越境ECとは、国境を越えて行われる「電子商取引(Eコマース)」で、インターネットを通じて海外の消費者に商品を提供することを指します。
たとえば、日本に拠点を置く企業の商品を、オンラインショップやプラットフォームを通じて、アメリカや中国などの他国の消費者が購入するイメージです。
現在、人口減少や少子高齢化の影響で国内市場の成長が鈍化する中、戦略的に越境ECへの参入を進める企業が増えています。
国内では成長の限界や市場の飽和を感じる商品であっても、越境ECを上手く活用することで、世界中の消費者を相手に新たなビジネスを始められるからです。
つまり、越境ECは、十分な準備と戦略を持って参入すれば「国内にとどまらない販路拡大のカギ」として大きなチャンスを秘めている市場と言えます。
本記事では、越境ECの種類や市場規模などの基礎知識に加え、メリットや成功事例、判断目安となる要素、必要な準備や全体の流れなど、参入検討から始め方までをわかりやすく解説します。
企業の成長を次のステージへ押し上げるひとつの選択肢として、ぜひご一読ください。
目次
越境ECとはインターネット上で行う海外との商取引
越境ECとは、国境を越えて海外と行われる「電子商取引(Eコマース)」のことです。ECとはインターネットを利用したすべての取引のことですが、「越境EC」はその中でも海外市場を対象にした取引を指します。

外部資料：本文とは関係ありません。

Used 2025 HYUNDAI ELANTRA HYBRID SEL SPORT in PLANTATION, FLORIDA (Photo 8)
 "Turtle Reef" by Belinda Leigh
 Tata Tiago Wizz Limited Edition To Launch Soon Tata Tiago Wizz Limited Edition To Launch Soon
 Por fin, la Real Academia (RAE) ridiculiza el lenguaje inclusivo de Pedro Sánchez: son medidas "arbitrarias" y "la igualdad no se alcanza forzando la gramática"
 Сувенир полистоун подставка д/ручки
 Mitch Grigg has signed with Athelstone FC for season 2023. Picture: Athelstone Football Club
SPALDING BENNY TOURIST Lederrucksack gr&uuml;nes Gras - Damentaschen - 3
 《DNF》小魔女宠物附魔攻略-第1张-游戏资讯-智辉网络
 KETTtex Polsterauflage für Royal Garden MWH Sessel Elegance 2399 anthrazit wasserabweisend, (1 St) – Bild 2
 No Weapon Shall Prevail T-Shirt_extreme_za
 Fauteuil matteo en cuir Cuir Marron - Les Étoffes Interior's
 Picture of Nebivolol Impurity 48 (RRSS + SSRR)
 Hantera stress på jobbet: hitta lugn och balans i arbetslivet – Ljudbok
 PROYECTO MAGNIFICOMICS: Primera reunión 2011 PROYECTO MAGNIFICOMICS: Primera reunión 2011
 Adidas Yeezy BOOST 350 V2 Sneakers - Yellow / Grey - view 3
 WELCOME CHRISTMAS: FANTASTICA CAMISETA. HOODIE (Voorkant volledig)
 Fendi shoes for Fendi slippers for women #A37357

越境ECはオンラインショップやECプラットフォームを通じて他国の消費者に商品を販売するため、国内市場の成長が鈍化する中で新たな市場を開拓する手段として注目されています。
海外に店舗を構えることなく幅広い顧客層にリーチできるので、初期投資を抑えて参入でき、中小企業や個人でも比較的ハードルが低く挑戦できる分野だと言えるでしょう。
参考:EC(eコマース)とは?ECの種類やメリット・市場規模まで解説│LSIKUL
越境ECは市場規模が安定成長期の今がチャンス
越境ECへの新規参入は、急成長期を抜けてもなお市場拡大が続く「安定成長期」の今がチャンスです。急成長が落ち着いた安定成長期では、需要の増加と市場のインフラなどが整い、初期投資のリスクが軽減される傾向にあるからです。
越境EC市場は、具体的にどのように成長し、どのような特徴を持つのかを確認していきましょう。
経済産業省の『令和5年度電子商取引に関する市場調査報告書』によると、現在の日本越境EC市場は、総額約4,208億円(前年約3,954億円)です。
年平均成長率は約26.2%と右肩上がりで成長を続けており、2030 年には7兆9,380億USドル、約1190兆億円(1USドル=150円で計算)にまで拡大すると言われています。
主要な取引先
日本の越境EC市場における主要な取引先は、下記が挙げられます。
- 米国:約3,768億円(前年約3,561億円)
- 中国:約440億円(前年約392億円)
将来的には、インターネットが急激に普及している東南アジア(フィリピン、シンガポール、ベトナムなど)の市場拡大が見込まれています。
日本商品の需要が高い分野
日本商品は高品質であるというイメージが強く、海外市場でも需要が見込める分野は多く存在します。
- 化粧品:中国、東南アジアで人気
- 家電製品:中国、東南アジアで人気
- ベビー用品:中国、東南アジアで人気
- アニメ・キャラクターグッズ:アメリカ、欧州で人気
- 食品・健康食品:アメリカ、ヨーロッパで人気
化粧品や家電など品質の高さによる信頼が高い商品は、アジア圏をはじめとする多くの国で人気です。また、アニメグッズや和モチーフの商品などの日本独自の文化に基づく商品は、欧米を中心に世界各国のファンから高い支持を得ています。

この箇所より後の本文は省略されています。